A good Name

Armstrong Williams

One summer day my father sent me to buy wire and fencing for our farm. At 16, I liked nothing better than getting behind the wheel of our family pickup, but this time there was something on my mind. My father had told me I'd have to ask for credit at the store.

Sixteen is a proud age, when a young man wants respect, not charity. It was 1976, and the ugly shadow of racism was still a fact of life in some parts of the country. I'd seen my friends ask for credit and then be rudely asked whether they were "good for it."

My family was honest. We paid our debts. But before harvest, cash was short. Would the store owner trust us?

At Davis Brothers General Store, Buck Davis stood behind the register, talking to a farmer. Buck was a tall, weathered man in a red hunting shirt, and I nodded as I passed him on my way to the hardware counter. When I brought my purchases to the register, I said carefully, "I need to put this on credit."

The farmer gave me a cynical look. But Buck's face didn't change. "Sure," he said easily. "Your daddy is always good for it." He turned to the other man. "This boy is one of James Williams' sons."

The farmer nodded in a neighborly way. I was filled with pride. James Williams' son. Those three words had opened a door to an adult's respect and trust.

That day I discovered that a good name was of immense value. The good name my father and mother had earned brought our whole family the respect of our neighbors. Everyone knew what to expect from a Williams: a decent person who kept his word and respected himself too much to do wrong.

We children—eight brothers and two sisters—could enjoy that good name, unearned, unless and until we did something to lose it. Compromising it would hurt not only those we loved but also those who loved us. We had a stake in one another—and in ourselves.

A good name, and the responsibility that came with it, forced us children to be better than we otherwise might be. We wanted to be thought of as good people, and by acting like good people for long enough, we became good out of habit.

The desire to keep the respect of a good name propelled me to become the first in our family to go to college. Eventually, it gave me the motivation to start my own successful public-relations firm in Washington, D.C..

I thought about the power of a good name when I heard someone say that we need to restore a sense of shame in our neighborhoods.
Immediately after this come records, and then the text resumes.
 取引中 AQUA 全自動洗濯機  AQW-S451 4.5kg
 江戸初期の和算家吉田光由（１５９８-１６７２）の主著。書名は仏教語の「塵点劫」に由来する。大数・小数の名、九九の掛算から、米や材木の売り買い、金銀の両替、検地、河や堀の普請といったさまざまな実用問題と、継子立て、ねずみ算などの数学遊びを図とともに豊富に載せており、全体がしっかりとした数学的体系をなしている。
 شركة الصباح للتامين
He's right. If pride in a good name keeps families and neighborhoods straight, a sense of shame is the reverse side of that coin.

Doing drugs, abusing alcohol, stealing, getting a young woman pregnant out of wedlock—today, none of these wrong things are the deep embarrassment they should be. Nearly one out of three births in America is attributed to an unwed mother. Many of these children will grow up without a caring father and mother committed to each other.
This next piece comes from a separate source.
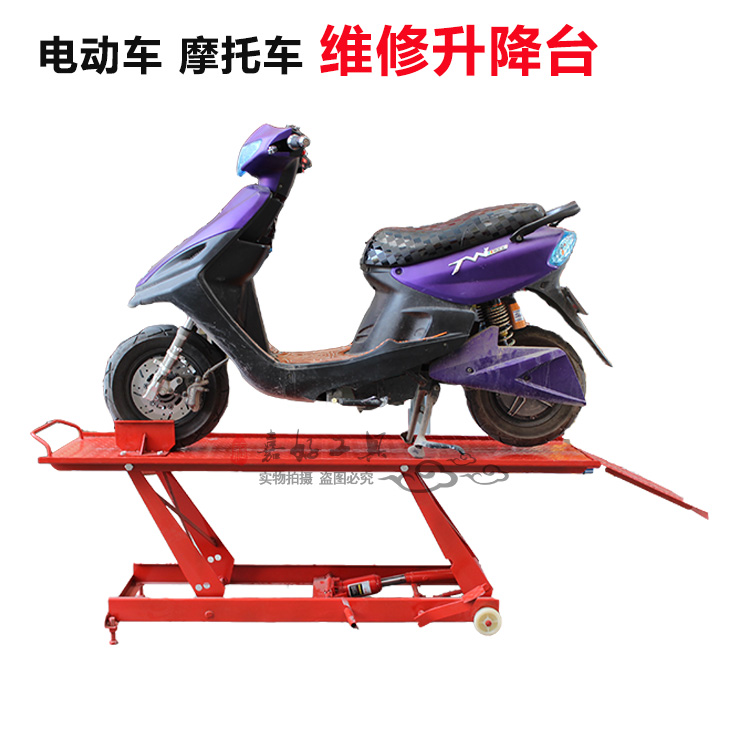电动摩托车维修升降工作台维修工具液压维修台摩托车大修台举升机|ruв категории электромобиль/аксессуары/транспортных средств, электромобиль инструмент обслуживания, электроинструмент ремонт автомобилей - от Buy2taobao.com для оказания профессиональной услуги покупки агента Taobao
Cultural influences such as television and movies portray mostly a world in which respect that sustains civilization is vanishing from schools, families and streets. Phrases like "yes, ma'am," "no, sir," "thank you" and "please" show self-respect and respect for others. Yet, encouraged by the profanity on television and in music, kids don't think twice about bad language.
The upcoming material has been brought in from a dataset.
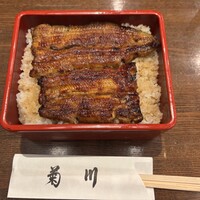 新宿 うなぎ菊川 -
Many of today's kids have failed because their sense of shame has failed. They were born into families with poor reputations, not caring about keeping a good name.

Today, when I'm back home, I receive respect because of the good name passed on as my father's legacy and upheld to this day by me and my siblings. People like Buck Davis came to know of my success in the world. But it was my family's good name that paved the way.